Question

Two stationary point charges +3.00 nC and +2.00 nC are separated by a distance of 50.0 cm. An electron is released from rest at a point midway between the two charges and moves along the line connecting the two charges. What is the speed of the electron when it is 10.0 cm from the +3.00 nC charge?

Short answer

The speed of an electron when it is 10 cm away from q₁ is 6.89 x 10⁶ m/s.

Step-by-step solution

Given Data and concept

Mass of electron, m_e = 9.11 × 10^-31 kg.

Charge on electron, q_e = -1.60 ×10^-19 C.

Stationary charge 1, q₁ = 3.00 × 10^-9 C.

Stational charge 2, q₂ = 2.00 × 10^-9 C.

r_i = 0.250 m

r_1f = 0.100 m

r_2f = 0.400 m

The Law of energy conservation tells us that the total energy of a system is always conserved . It can not be gained or lost.

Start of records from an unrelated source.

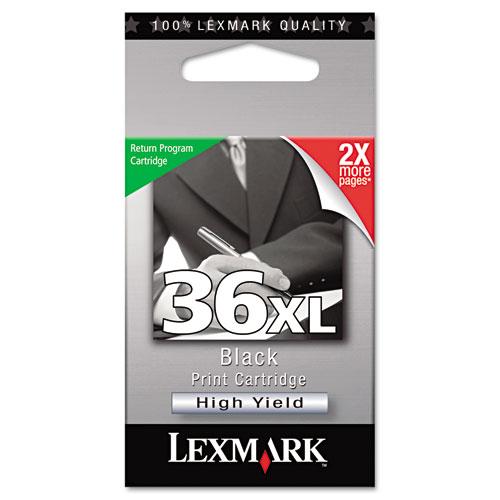 Original Lexmark 18C2170 (36XL) High-Yield Ink, 500 Page-Yield, Black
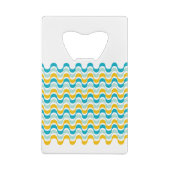 抽象芸術逆波パターン クレジットカード栓抜き (裏面)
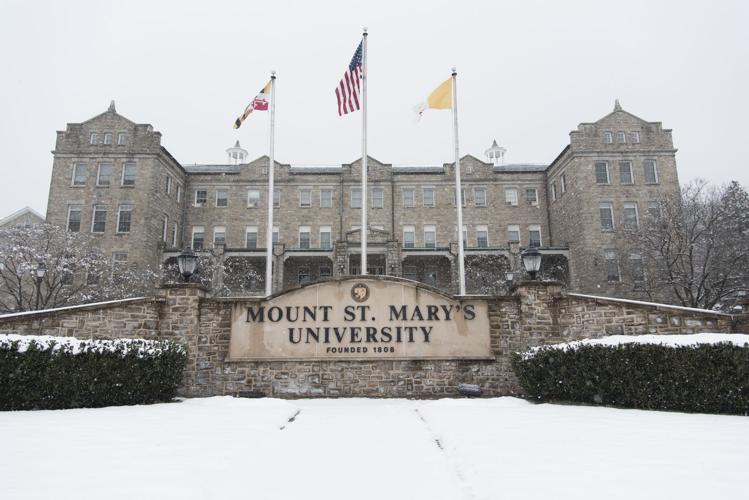 Mount St. Mary's Univerity sign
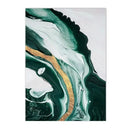 Green Marble Abstract Canvas Wall Art by Axyaa - Modern Nordic Home Decor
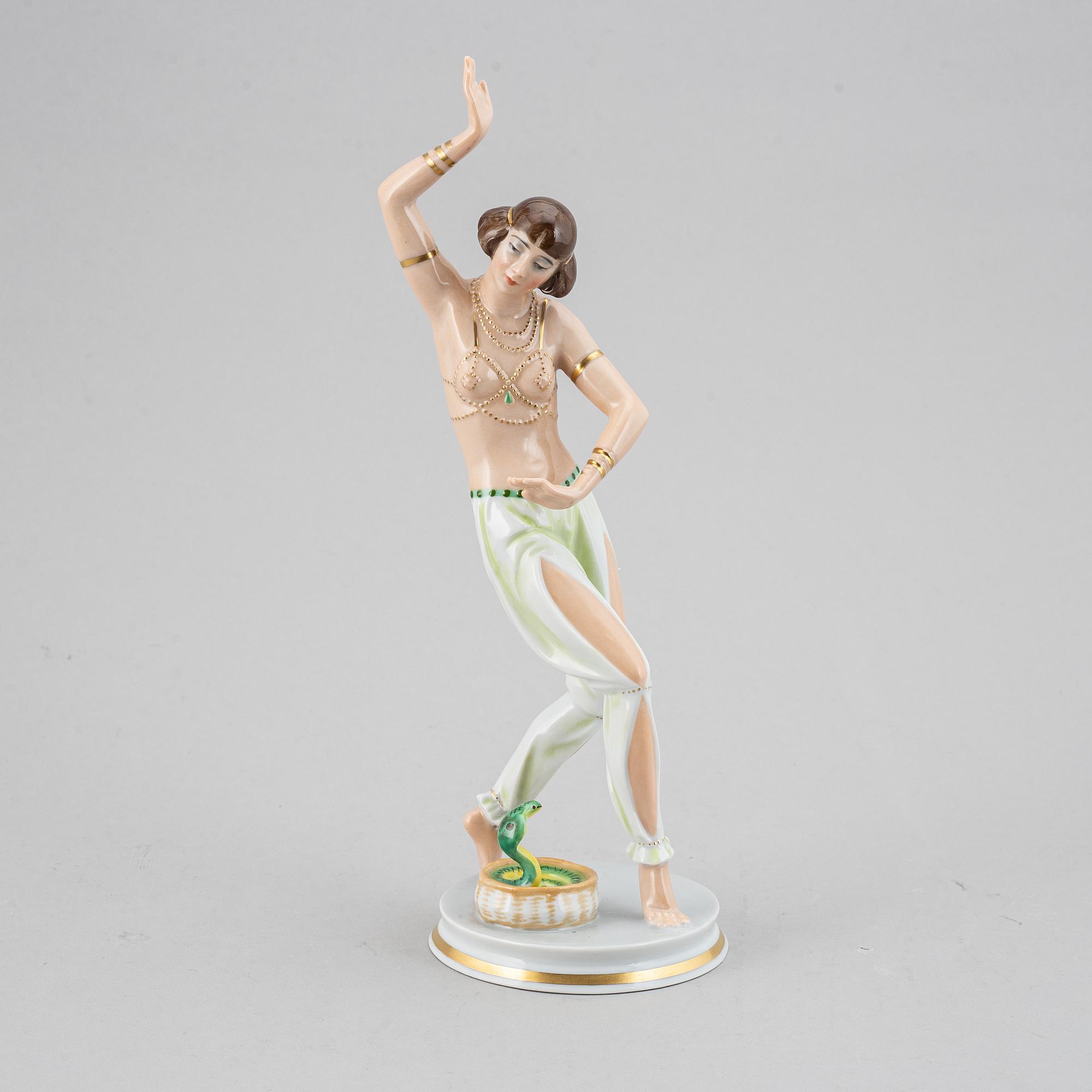 GUSTAV OPPEL, figurin, porslin, art déco, Rosenthal, 1930-tal.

It can change forms.

Determination of the speed of the electron

Initially, the charges are at the stationary position, so net initial energy is given by,

$$\begin{gathered} {\mathrm{E}}_{\mathrm{i}}={\mathrm{U}}_{\mathrm{i}}+{\mathrm{K}}_{\mathrm{i}} \\ =\frac{1}{4{\mathrm{\pi \epsilon }}_0}\left(\frac{{\mathrm{q}}_{\mathrm{e}}{\mathrm{q}}_1}{{\mathrm{r}}_{\mathrm{i}}}+\frac{{\mathrm{q}}_{\mathrm{e}}{\mathrm{q}}_2}{{\mathrm{r}}_{\mathrm{i}}}\right)+0 \\ =\frac{1}{4{\mathrm{\pi \epsilon }}_0}\left(\frac{\left(-1.6\times {10}^{-19}\right)\left(3\times {10}^{-9}\right)}{0.250}+\frac{\left(-1.6\times {10}^{-19}\right)\left(2\times {10}^{-9}\right)}{0250}\right) \\ =-2.88\times {10}^{-17}\mathrm{J} \end{gathered}$$

Finally, the charge starts moving with a velocity, so net final energy is given by,

$$\begin{gathered} E_f=U_f+K_f \\ =\frac{1}{4{\mathrm{\pi \epsilon }}_0}\left(\frac{q_e{q}_1}{r_{1f}}+\frac{q_e{q}_2}{r_{2f}}\right)+\frac{1}{2}{m}_e{v}_f^2 \\ =\frac{1}{4{\mathrm{\pi \epsilon }}_0}\left(\frac{\left(-1.6\times {10}^{-19}\right)\left(3\times {10}^{-9}\right)}{0.100}+\frac{\left(-1.6\times {10}^{-19}\right)\left(2\times {10}^{-9}\right)}{0.400}\right)+\frac{1}{2}{m}_e{v}_f^2 \\ =-5.04\times {10}^{-17}J+\frac{1}{2}{m}_e{v}_f^2 \end{gathered}$$

Here, v_f is the velocity of the electron.

By Law of conservation of energy,

$$\begin{gathered} E_i=E_f \\ {U}_i+K_i=U_f+k_f \\ -2.80\times {10}^{-17}=-5.04\times {10}^{-17}+\frac{1}{2}{m}_e{v}_f^2 \\ {v}_f=\sqrt{\frac{2\left(-2.88\times {10}^{-17}+5.04\times {10}^{-17}\right)}{9.11\times {10}^{-31}}} \\ {v}_f=6.89\times {10}^{6}m/s \end{gathered}$$

Therefore, the speed of an electron when it is 10 cm away from q₁ is 6.8910⁶ m/s.